I'll bring it back to an earlier statement that was made, which was about the lack of data. The data exists; you're right, there is a lot of research out there. What there isn't is comparable indicators nationally on things like diabetes and obesity. The Inuit provide a very good example. The National Diabetes Surveillance System collects data on diabetes rates for Inuit in the Northwest Territories and in Nunavut. Santé Quebec collects the data in Nunavik. In Labrador Nunatsiavut nothing is collected, so we don't know. We don't know what's going on within Inuit communities from east to west to know whether or not certain interventions are working.

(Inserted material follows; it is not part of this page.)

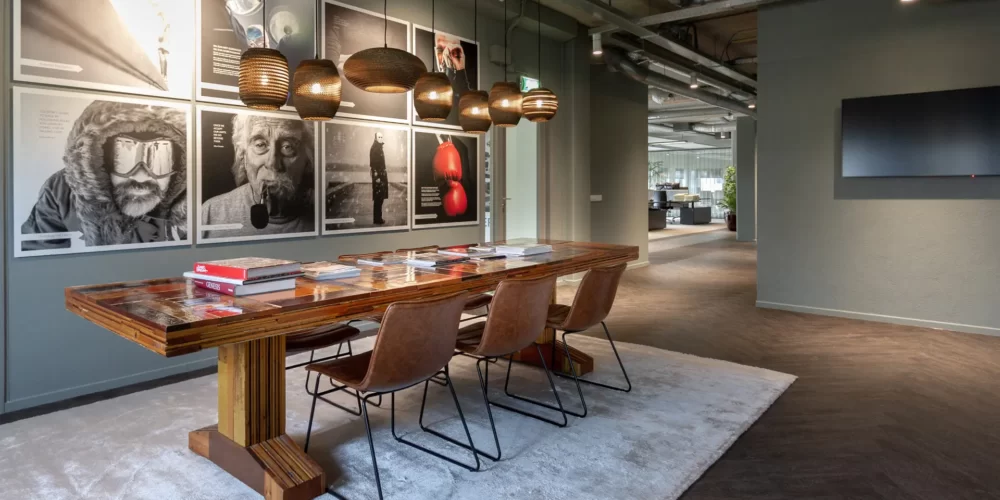 kantoorinrichting -houten leestafel in wachtzit- Kröllerboom Amersfoort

The other thing is, yes, there are programs that exist and have been going for years. However, we need to have those programs evaluated. We need to evaluate the existing public health interventions that are related to diet and physical activity to know whether or not those would be promising practices that can be replicated in other communities across the country.
The other thing we need to keep in mind, if you want a specific recommendation from me, is that a one-size-fits-all solution isn't going to work. There is a strong need to have community-driven solutions that address.... We're talking about a million aboriginal people in Canada. There are 600 first nations. There are 52 Inuit communities, and there are one million individuals. Each community is different, and what works in one community may not work in another. So any programs, policies, or services that are developed need to be flexible enough to allow for community variability so that communities know they can do what works. And we need stable funding to ensure that happens.